The line currently has a capacity of 60,000 bbl. per day but a $100 million expansion will raise capacity to 135,000 bbl. per day by the third quarter. A second expansion to 160,000 bbl. per day could happen in the first half of 2016.

ONEOK can move the residue gas from its plants to its 50%-owned trunkline Northern Border system or Viking Gas Transmission.

Bernie Colson, managing director of energy infrastructure equity research for Oppenheimer & Co., sees significant value in ONEOK’s Bakken assets.

“Continued Bakken production growth is expected to drive attractive volume growth across [ONEOK Partners’] assets,” he said in a recent report. “Current infrastructure forms a highly strategic system that positions [it] to continue playing a key role providing services to the rapidly expanding petrochemical industry.”

The flare over there

Scobel says Caliber and its peers are working overtime on the gas problem.

“I think the midstream folks are going to struggle getting large-enough pipe and compression to the wellhead to minimize flaring,” he says. “One of the alternatives is, rather than try to get all the volumes 100 miles back to a central plant, put more smaller plants out in the field level. And we think that's one way that we can be effective there.

“But there's a type of flaring that nobody is talking about right now, and we’re in the middle of it,” Scobel adds. “If you were to connect every well right now that’s producing—and we’re at 10,000 wells—to pipe and you had enough pipe compression and plant capacity to take all that associated gas, the basin would still be flaring between 50 MMcf and 100 MMcf per day of tank vapors, and that’s not really being addressed anywhere.

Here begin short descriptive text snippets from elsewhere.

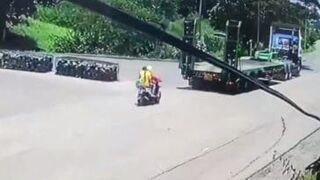 Motorcycle couple crushed to death when flatbed truck driver suddenly reverses over them in Thailand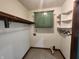 Bright laundry room with storage cabinets and hanging rack at 1330 Country Creek Cir, Shelbyville, IN 46176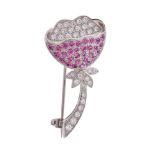 A diamond and pink sapphire brooch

“But we’re taking that head on; we have a method where we can take high-vapor-pressure crude with the gas entrained in the crude that would be normally flaring off at the tanks. We bypass the tanks altogether. We take crude directly from the separator into our pipeline and we have tanks there only for upset, we wouldn’t eliminate them,” he adds.

Pick a number

That million-a-day milepost just flew by. So how high will Bakken production go?

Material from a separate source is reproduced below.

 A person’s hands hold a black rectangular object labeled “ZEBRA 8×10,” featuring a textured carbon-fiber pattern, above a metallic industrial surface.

Hart Energy’s NASQ projected in its fourth-quarter 2013 report that Bakken production will peak at around 1.4 million bbl. per day in 2022 and slowly decline from that point.

There are a lot of other big production numbers floating around, Scobel says.

“I think on the conservative side you see numbers that say we’re going to be at least 1.4 million bbl. a day as a peak,” he adds. “We think it’s probably closer to 2 million without being too aggressive. So, yeah, we don’t see any end in sight. And again, the [midstream] infrastructure is going to have to match that volume, right?”